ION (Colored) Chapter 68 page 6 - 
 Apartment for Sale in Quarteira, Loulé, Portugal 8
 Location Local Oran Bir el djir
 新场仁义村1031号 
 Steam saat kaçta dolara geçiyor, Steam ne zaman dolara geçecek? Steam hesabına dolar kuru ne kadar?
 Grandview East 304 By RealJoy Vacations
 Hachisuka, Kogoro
============
What the task requires » Every entry, written out exactly, is what the response should contain.

Task result »
ION (Colored) Chapter 68 page 6 - 
 Apartment for Sale in Quarteira, Loulé, Portugal 8
 Location Local Oran Bir el djir
 新场仁义村1031号 
 Steam saat kaçta dolara geçiyor, Steam ne zaman dolara geçecek? Steam hesabına dolar kuru ne kadar?
 Grandview East 304 By RealJoy Vacations
 Hachisuka, Kogoro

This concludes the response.